Xeric Foundation
- Formation: 1992
- Founder: Peter Laird
- Type: 501(c)(3) Non-profit
- Headquarters: Northampton, Massachusetts
- Region served: North America
- Leader: Peter Laird

= Xeric Foundation =

Non-profit environmental and comic book self-publishing grant organization

The Xeric Foundation is a private, non-profit corporation based in Northampton, Massachusetts, which for twenty years awarded self-publishing grants to comic book creators, as well as qualified charitable and nonprofit organizations. The Xeric Foundation was established by Peter Laird, co-creator of the Teenage Mutant Ninja Turtles.

== Mission and operation ==
Laird founded the Foundation as "an appropriate way to give back something extra to the comics world," by providing grants for self-publishers. Laird stated that the Xeric Foundation is "actually two foundations in one. One half of it is for charitable organizations, and the other half is for creators who want to self-publish their comics." The latter half is what the foundation is best known for.

=== Self-publishing grants ===
The Xeric Foundation supported work of an alternative or non-"mainstream" nature, reasoning that if a comic had strong commercial appeal, it would be picked up by one of the major publishers. The Foundation was a valuable supporter of "art for art's sake" comics, and helped launch the careers of a number of "literary" cartoonists.

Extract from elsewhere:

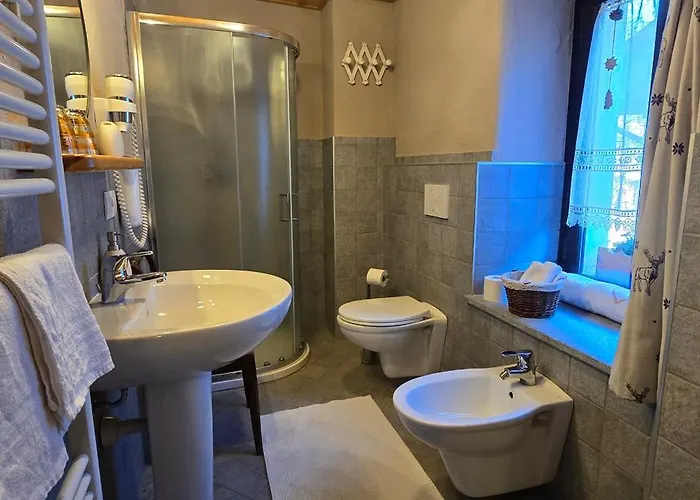 Maison Du-noyer Et Tables D'hotes 3* Aosta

The Foundation assisted comic book creators with some of the costs in self-publishing their work; it was not the Foundation's intention to fully support an artist/writer through the entire process of self-publishing, but rather to encourage creators to experience the learning process involved in working towards such a goal.

The creative side of the Foundation involved the usual application process and in addition, the Foundation began with "an advisory committee made up of three ... people working in the industry" whose input was sought on how best to proceed with each application. Submissions were evaluated prior to Laird's involvement, and then he made the ultimate decisions based on their recommendations.

== History ==
Laird founded the Xeric Foundation in 1992, the name "originat[ing] out of a Scrabble game with [Laird's] brother Don," "Xeric" simply being "a word [he] like[d]," literally meaning "dry and desertlike" but which "has absolutely no direct connection with the foundation."

The Foundation's first grant cycle was in September 1992, with the first recipients being Robert Eaton, Michael Kasper, Jeff Nicholson, and Wayne Wise & Fred Wheaton.

In 1993 Laird discussed the Foundation's projected lifespan:

... knock on wood, God willing, and the creek don't rise, if we go on for another couple of decades, and I'm able to put more money into the basic funding of the Xeric Foundation, then the amount of money that can be given out can really be raised significantly.

He hoped that ultimately the figure can be raised from "thousands of dollars" to "hundreds of thousands of dollars," to support an increasing number of large and small projects.

In July 2011, the Foundation announced it would no longer award publishing grants, but would focus on charitable work like fostering environmentalism, literacy, and the arts. Citing the changing nature of the comics industry, and specifically the ability of cartoonists to publish their work online, founder Laird announced the shift. One round of final grants was awarded in May 2012.

Altogether, the Xeric Foundation has awarded in excess of $2,500,000 since its first grant cycle.

== Xeric Award ==
Notable past winners of the Xeric Grant include Megan Kelso (1993), David Lasky (1993), Jason Lutes (1993), Adrian Tomine (1993), Tom Hart (1994), Jessica Abel (1995), Bebe Williams (1995), James Sturm (1996), Ellen Forney (1997), Jim Ottaviani (1997), Gene Yang (1997), Dawn Brown (1998), Jason Little (1998), David Choe (1999), Nick Bertozzi (1999), Jason Shiga (1999), Farel Dalrymple (2000), Anders Nilsen (2000), Leland Purvis (2000), Daniel Way (2000), Philip Bourassa (2001), Jordan Crane (2001), Brian Ralph (2001), Hans Rickheit (2001), Donna Barr (2002), Derek Kirk Kim (2002), Sonny Liew (2002), Lauren Weinstein (2002), Josh Neufeld (2004), Karl Stevens (2004), Fred Van Lente and Ryan Dunlavey (2004), David Heatley (2005), Jeff Lemire (2005), Jesse Moynihan (2006), and Blaise Larmee (2009).